Ensemble Augelletti, London Handel Festival, Charterhouse review - dynamic framing of the honorary Englishman | reviews, news & interviews
Ensemble Augelletti, London Handel Festival, Charterhouse review - dynamic framing of the honorary Englishman
Ensemble Augelletti, London Handel Festival, Charterhouse review - dynamic framing of the honorary Englishman
Delightfully inventive repertoire performed with wit and energy
One of the many delightful discoveries in this dynamic, imaginative lunchtime concert was that Handel and Telemann had a thing for sending each other flowers. Not bouquets, but earthy bulbs and tubers, “I am insatiable where hyacinths and tulips are concerned, greedy for ranunculi, and especially for anenomes,” Telemann wrote.
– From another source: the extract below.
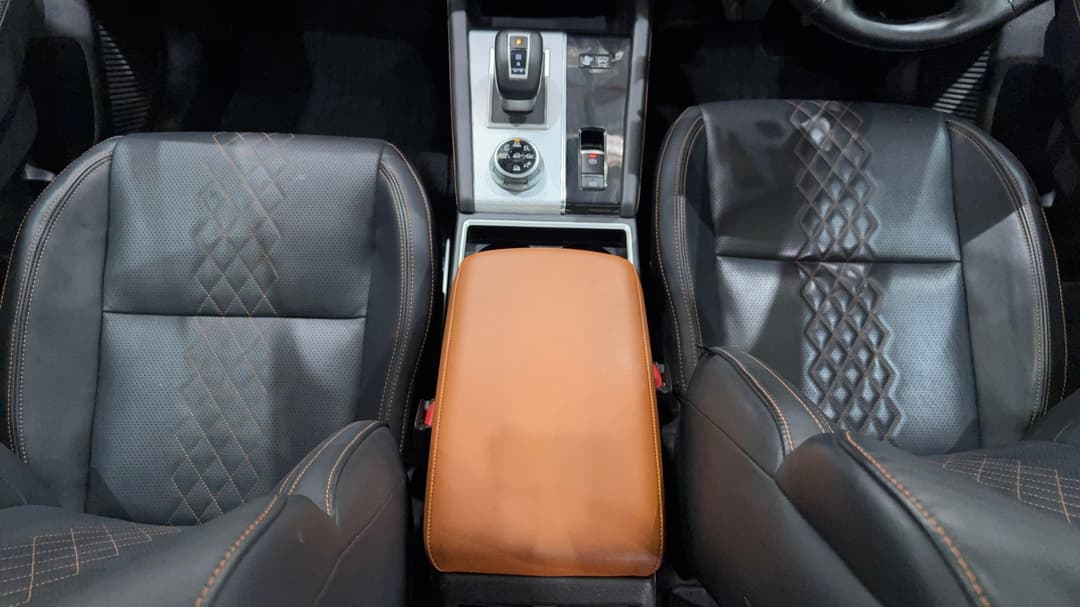 2024 Mitsubishi Outlander Phev Exceed Tour 5+2 St (AWD), Automatic, 20931 km, Center Console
Taking the theme of “New Beginning”, Ensemble Augelletti (pictured below right by Abe Kleinman) explored the relationships between Handel and his contemporaries as they used different compositional styles to create fresh settings for themes from their own or other composers’ works. Another way to describe it might be musical recycling, as, for instance, Handel raided his operas for themes that turned up in trio sonatas or Vivaldi turned to the famous chord progressions of La Folia to produce a set of intoxicating variations.
The concert’s concept wasn’t just a nice way of framing a relatively well-known phenomenon, it also encouraged audience members to listen more dynamically as it subtly interrogated each composer’s working methods. This in turn brought a wit and energy to proceedings that helped explain why Ensemble Augelletti has been selected by BBC Radio 3, the Royal College of Music and the National Centre for Early Music as the New Generation Baroque Ensemble for 2023-25.
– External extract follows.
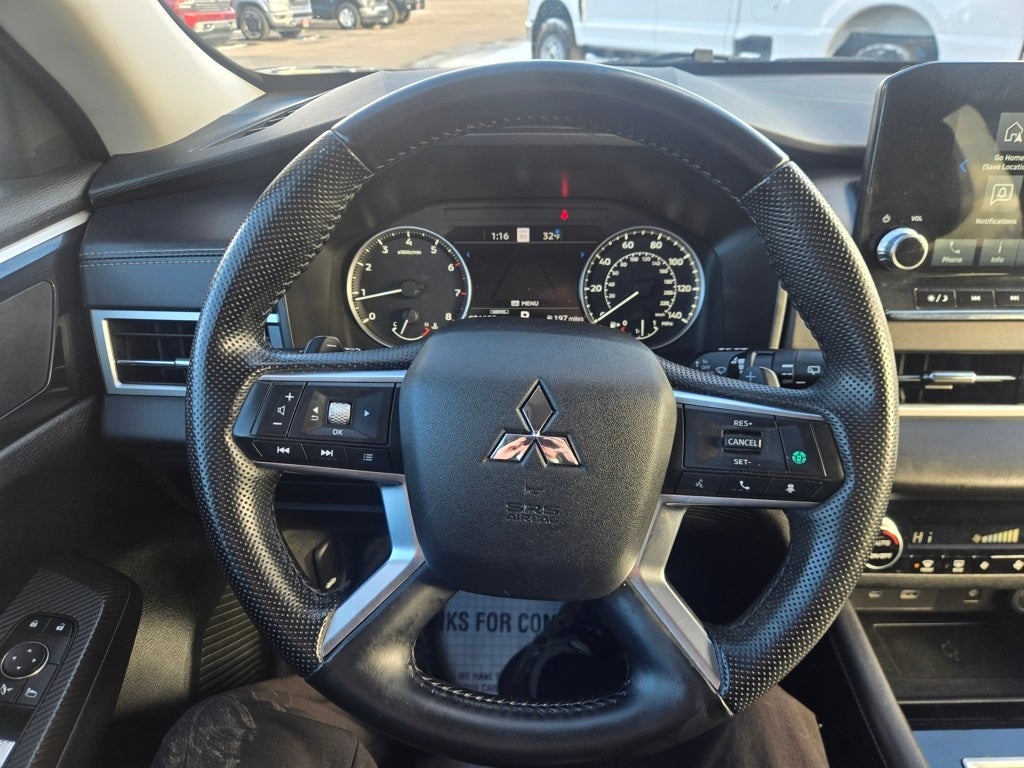 2024 Mitsubishi Outlander SE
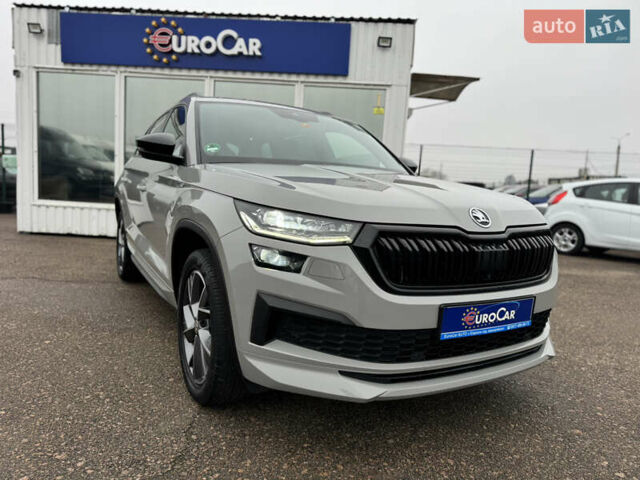 Серый Шкода Kodiaq, объемом двигателя 1.97 л и пробегом 181 тыс. км за 35500 $, фото 5 на Automoto.ua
In the exquisite surroundings of the 17th century Charterhouse Chapel, the ensemble began with Handel’s Trio Sonata in C major, HWV 388, which shares a theme with his 1718 oratorio Esther (performed at the start of this year's London Handel Festival and reviewed here by David Nice). Immediately there was a sense of light and elegance as Olwen Foulkes (recorder) and Ellen Bundy (violin) took turns to play the melody for the Andante, skimming motifs backwards and forwards to each other as if they were in some musical relay race. Foulkes quickly asserted the thrilling bird-like clarity that marked her performance throughout, while Bundy responded with a delivery that was as rich as it was nuanced.
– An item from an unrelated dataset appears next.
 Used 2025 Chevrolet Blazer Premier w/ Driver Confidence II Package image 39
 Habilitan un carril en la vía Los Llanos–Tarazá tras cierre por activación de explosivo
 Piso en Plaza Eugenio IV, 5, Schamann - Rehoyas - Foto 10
In the nimble Allegro the echoes between the two became more intense, as technically giddying flourishes on the recorder were interspersed with rapid arpeggiated passages from the violin. Benedict Williams provided a harmonic foundation on the harpsichord that glimmered like wrought silver, while Toby Carr made the delicate lute harmonies gleam like rain drops on a spider’s web.
Maybe it was something to do with the vision of Telemann with dirty hands, salivating over his latest parcel of bulbs from Handel, that made his Trio Sonata in B minor TWV 42:h3 particularly stand out from this repertoire. Following the intense beauty of the opening Grave movement, in which we were beguiled once more by the conversation between the violin and recorder, the Vivace introduced a giddy whirligig energy that was heightened by Williams’ dexterous keyboard work. Then we were into the fantastic Adagio e staccato, in which the stately dotted rhythms were repeated to build a sense of tension. A full-blooded Allegro assai sped us to the resonant conclusion.
Appropriately for this amuse bouche for the 2024 London Handel Festival we were back to the man himself for the Trio Sonata in F Major, Op 2 No 4. After pointing out that the theme for the third movement was taken from his opera Rodelinda, the ensemble performed the opening Larghetto with a steady unfurling energy that made it feel as if we were watching a time-lapse image of a flower opening up. Here Carina Drury on the cello particularly drove the powerful sense of harmonic progression. After a romp through the Allegro, the swooning mournful Adagio once more owed much of its tension and drama to the cello. While the spun glass textures of the lute and harpsichord elevated the penultimate Allegro, it was the recorder and violin who gave the final Allegro lift off, with scurrying triplets in which they perfectly matched each other note for note.
A short detour to Italy came with their performance of Francesco Geminiani’s lyrical, pastoral The Last Time I Came O’er the Moor, before they took on Handel’s old rival Bach. The Trio Sonata in G minor which they performed was originally written for viola da gamba with an obbligato for harpsichord, but here it was performed by the entire Ensemble with a character and richness that at times seemed to prefigure the Brandenburgs.
The lively finale came with Vivaldi’s exuberant dazzling variations on La Follia in his Trio Sonata in D minor. At times the music seemed to bubble over like a fountain, at others it was an earthy foot stamping dance. As throughout it demonstrated the ensemble’s equal capacity for elegant pathos and rip-roaring technical dexterity. This lunchtime concert proved to be hopefully one of many highlights in a festival which – like last year – promises to be a revelatory and provocative take on a composer with whom many of us only think we are familiar.